Gautreaux, as I've mentioned before, is the master of the intervention story. When trouble arrives, his characters get up and help. Existential angst is not Gautreaux's thing. In 'Deputy Sid's Gift', for example, the first person narrator finds himself drawn into the orbit of a local alcoholic, an alcoholic who has no interest in kicking his drinking habit. However, as the narrator gradually learns, this does not let him (the narrator) off the hook. As Deputy Sid explains in the story's last line, "we couldn't do nothing for him but we did it anyway."
Other links between Gautreaux and Trollope sprang to mind as I read the latter's Autobiography. He wrote, for example, that: “The ordinary talk of ordinary people is carried on in short, sharp, expressive sentences, which very frequently are never completed, - the language of which even among educated people is often incorrect.
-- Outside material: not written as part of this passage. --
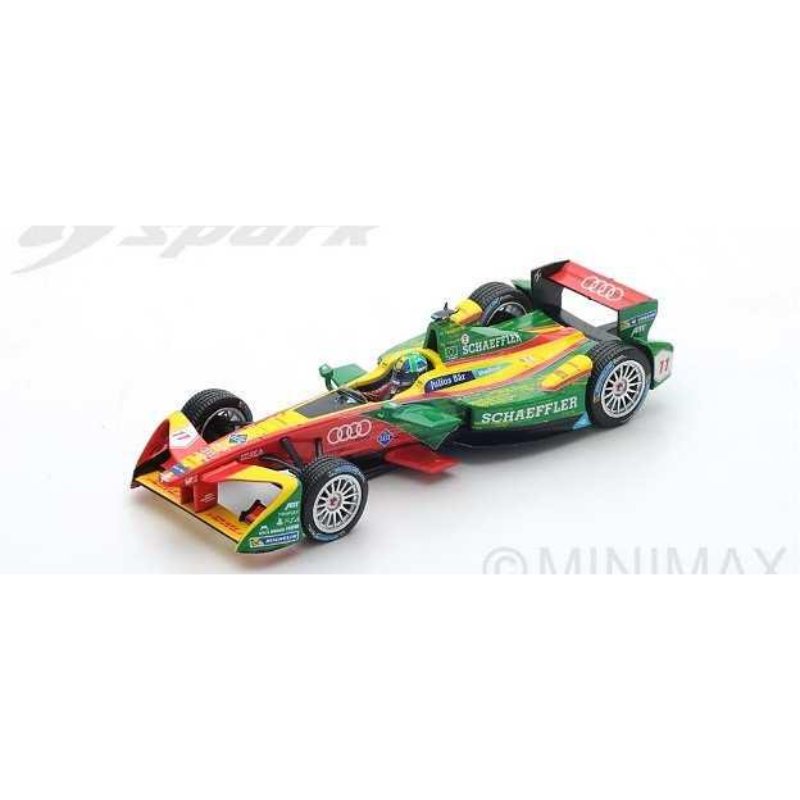 【スパーク】 1/43 Abt Schaeffler アウディ Sport Formula E Team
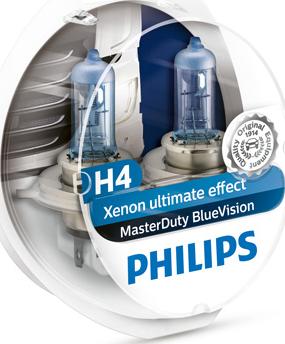 PHILIPS 13342MDBVS2 - Kvēlspuldze, Tālās gaismas lukturis adetalas.lv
The novel-writer in constructing his dialogue must so steer between absolute accuracy of language – which would give to his conversation an air of pedantry, and the slovenly inaccuracy of ordinary talkers, which if closely followed would offend by an appearance of grimace – as to produce upon the ear of his readers a sense of reality.”
That describes Gautreaux's work perfectly. His dialogue is always spot on.
But I shouldn't exaggerate the similarities. This wonderful passage, for instance, could not be applied to any of Gautreaux's work: "Short novels are not popular with readers generally. Critics often complain of the ordinary length of novels, - of the three volumes to which they are subjected; but few novels which have attained great success in England have been told in fewer pages. The novel-writer who sticks to novel-writing as his profession will certainly find that this burden of length is incumbent on him."